Wikimedia monthly activities meetings/Quarterly reviews/Discovery, January 2016
Please keep in mind that these minutes are mostly a rough paraphrase of what was said at the meeting, rather than a source of authoritative information. Consider referring to the presentation slides, blog posts, press releases and other official material
Slide 1 (KPIs)
- User satisfaction - doubled in Q2 (15-28%)
- Doubling result of implementation of stats change
- Zero results rate - (33-26%) -normal variance
- Began collecting last fiscal year - still collecting comparative data
Slide 2 (Search language detection)
- Ran an a/b test to to adjust search queries based on detected language
- Quantitate analysis showed that people search in non english languages on english wikipedia
- Surveys showed the users actively do this
- Ran A/B test but the impact was not statistically significant
- Language detecting library was not good at detecting short queries
- Lila: Are we looking at other language detection options?

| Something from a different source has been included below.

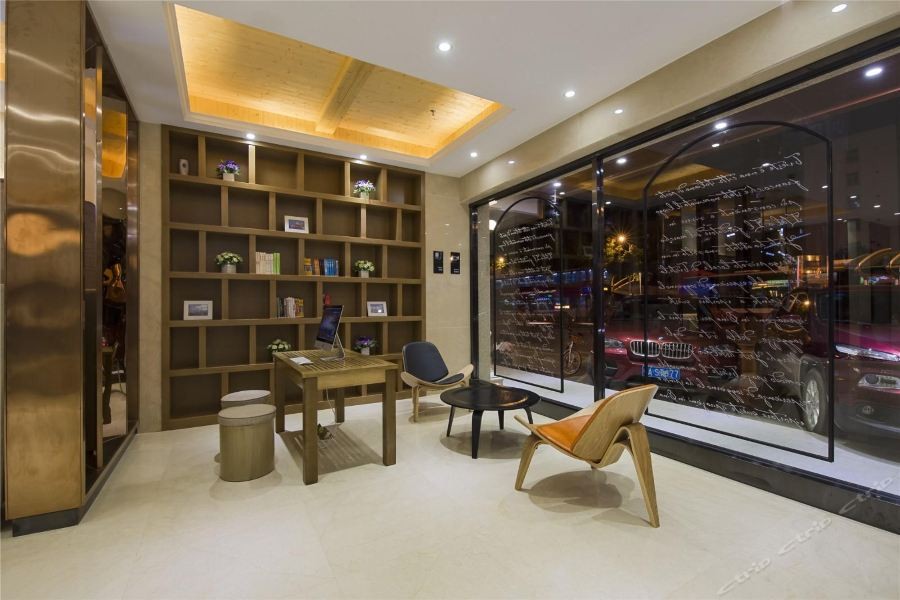 Yeste Hotel 7/11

- Yes, we have a couple of leads on new libraries that could be used
- Lila: We could prompt the user if we're not sure of the language
- Lila: How common is this problem?
- On enwiki, about 7% of queries that get no results are not in English
- Generally, each change we make seem to have a large impact for a small number of people
- Making the experience better is a LOT of small changes
- Lila: ?
- We could index all wikis in one place, but would need more hardware
- Wes: How many A/B tests were run?
- Ran one test for this specific goal
- Since the A/B tests were disappointed the team re-aligned to the Completion suggester
- Dropped zero results by 10%
- Feedback has been very positive
- This was an absolute minimum product, so can't become default yet
- Wes: Will completion suggester become default this quarter?

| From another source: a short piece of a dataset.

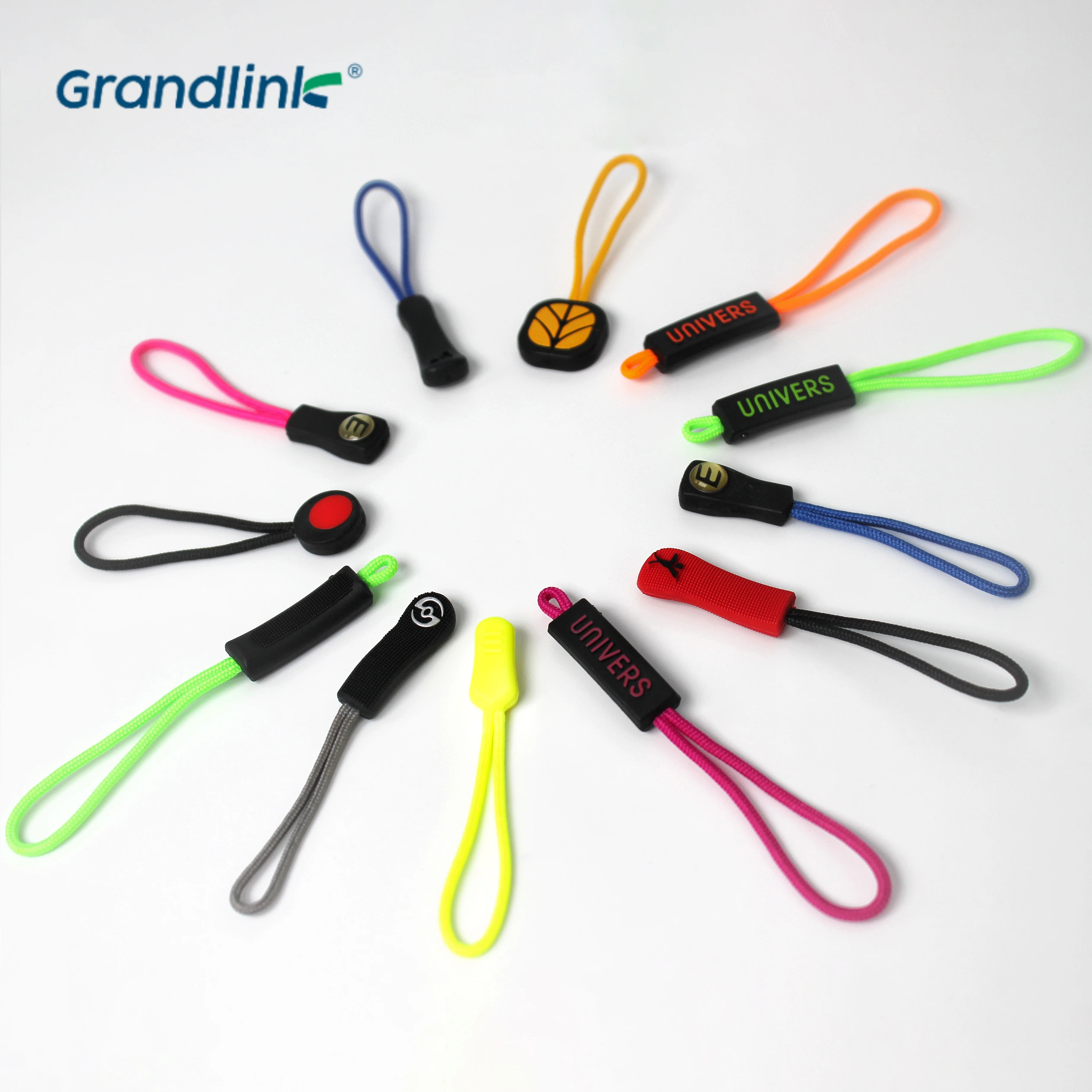 Custom Color Logo Rubber Plastic Embroidery Zipper Puller Colorful Rope Custom Zipper Puller Replacement Zipper Puller Cord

- Yes. Incremental rollout.
- Should improve zero results; earlier tests showed maybe 10%
- Hopefully would improve satisfaction, but we don't have qualitative evidence on that yet
- Based on user feedback, we are optimistic
Slide 3 (Portal)
- Measure the usage of the portal, performs ab test, decrease time users spend searching on page
- Portal has been migrated to git/gerrit
- Used to be a static page with some css and js on meta wiki and a script named extract2.php that hit the api and pushed out the page
- Lila: Is this typical for other MediaWiki pages?
- Yes, version control is not common for pages like this
- We engaged with primary maintainer (mxn) who makes 90%+ of edits to the portal
- He was very supportive of the migration
- Other (mostly uninvolved) people objected; took a couple months to work through that
- We did launch the first A/B test right before the end of the quarter, but too late to hit this goal
- Early results are showing a 5% increase in conversion with no loss of interaction
- Lila: What is 5% in actual pages?
- ___ million per week
- Wes: Be sure to specific bot/non-bot traffic
- In this case, it's virtual all non-bot
- After migrating to gerrit, we were able to add instrumentation
Slide 4 (improve satisfaction metric)
- Iterate on user satisfaction by running a QuickSurvey
- Lila: How did we create the User Satisfaction metric? Is it industry standard?

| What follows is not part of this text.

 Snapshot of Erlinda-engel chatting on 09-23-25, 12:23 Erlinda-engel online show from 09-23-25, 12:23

- Yes, Google uses something similar
- Planned to run a survey on the result page they ended up on, asking if they were satisfied, and compare with our quantitative satisfaction data
- Quick survey was delayed, and then the deployment freeze and fundraiser cut into the available time to do a survey like this
- Lila: If it is an industry standard then lets make sure to benchmark against it
- Wes: Quick survey is being used by multiple teams
- We had a couple extra requirements. It just wasn't ready
- Lila: When will we know?
- After we have several weeks of data, so might not have answers until Q4
- Lila: On all these slides, we're not showing impact as clearly as we should. To align with FDC format, the template should bring out impact more clearly
- Wes: Trevor has started a page to explore different formats to improve the template
- Tomasz: Distinguish between outputs and outcomes
- Greg (via Etherpad): That sounds good - let's connect offline to discuss possible revisions before next QRs
Slide 5 (evalutate maps/wdqs)
- We had done beta-level deployments, so wanted to review user feedback
- Maps was rolled out to some wikivoyage; got good feedback
- We made some improvements based on feedback
- Both WDQS and maps: Request rate spiked on launch and now has normalized to a normal level that is growing organically
- We have <1 engineer on WDQS and <1 on maps
- Android app "nearby" was a flat list; now is a map using our tile server
- Lila: No map for San Diego. Are we going to have a bot add maps?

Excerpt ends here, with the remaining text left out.